One of our research themes focuses on the ability of L-form bacteria to fit the mould and/or fill spaces by growing into them. We would like to explore the biophysical properties of the cell and the limits of the cell size the L-form can grow to before dividing by constructing a 2-dimensional cell model.

The shape of the bacterial cell is usually determined by the structures of the cell wall and bacterial cytoskeleton. The cell wall of B.subtilis is a thick layer of peptidoglycan which contains cell-wall proteins, techoic and lipotechoic acids. Peptidoglycan is a rigid structure which helps to protect the cell from osmotic pressure and mechanical damage. It also helps the cell to maintain a constant shape, while not specifically defining it. This role is played by the cytoskeleton. The bacterial cytoskeleton is largely similar to that of eukaryotes. It is comprised of three types of protein structures: FtsZ, MreB and crescentin (only present in certain species) which are homologous to eukaryotic tubulin, actin and intermediate filaments respectively. These proteins also perform other functions in the cell; usually they are involved in cell growth and division and therefore are often essential for the cell's survival (Shih and Rothfield, 2006). The communication between the two regulatory components is assured by a series of membrane-associated enzymes (penicillin binding proteins)(Cabeen, Jacobs-Wagner, 2005).

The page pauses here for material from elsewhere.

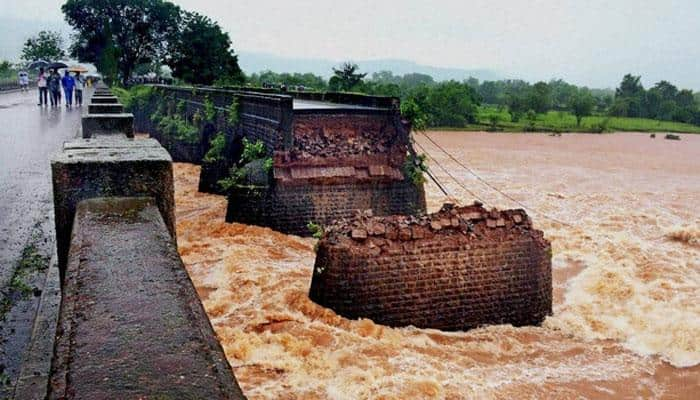 Mahad bridge collapse: Indian Navy locates another car with bodies trapped inside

Because L-forms lack the peptidoglycan cell wall, cells naturally adopt the most energetically favourable shape (i.e. sphere) regardless of the cytoskeleton structure. With protoplasts (cells with chemically digested cell wall), the growth, variation in shape and division is restricted due to the limited amount of the cell membrane which simply ruptures if the pressure inside the cell increases. The L-forms created with our BioBrick will have a mutation in the MurE gene which causes spontaneous increase in production of the IspA-like gene product which results in increased synthesis of the cell membrane. This stabilises the cell and allows for growth and division.

## Approach

For the purposes of the study the complex model of the growing cell inside of the confined space can be broken down to simpler models of the system in three phases. The first phase would be a constantly growing cell, followed by a model of the cell when it touches the boundaries and therefore changes the trajectory of the membrane growth and finally starts adopting the shape of the boundaries.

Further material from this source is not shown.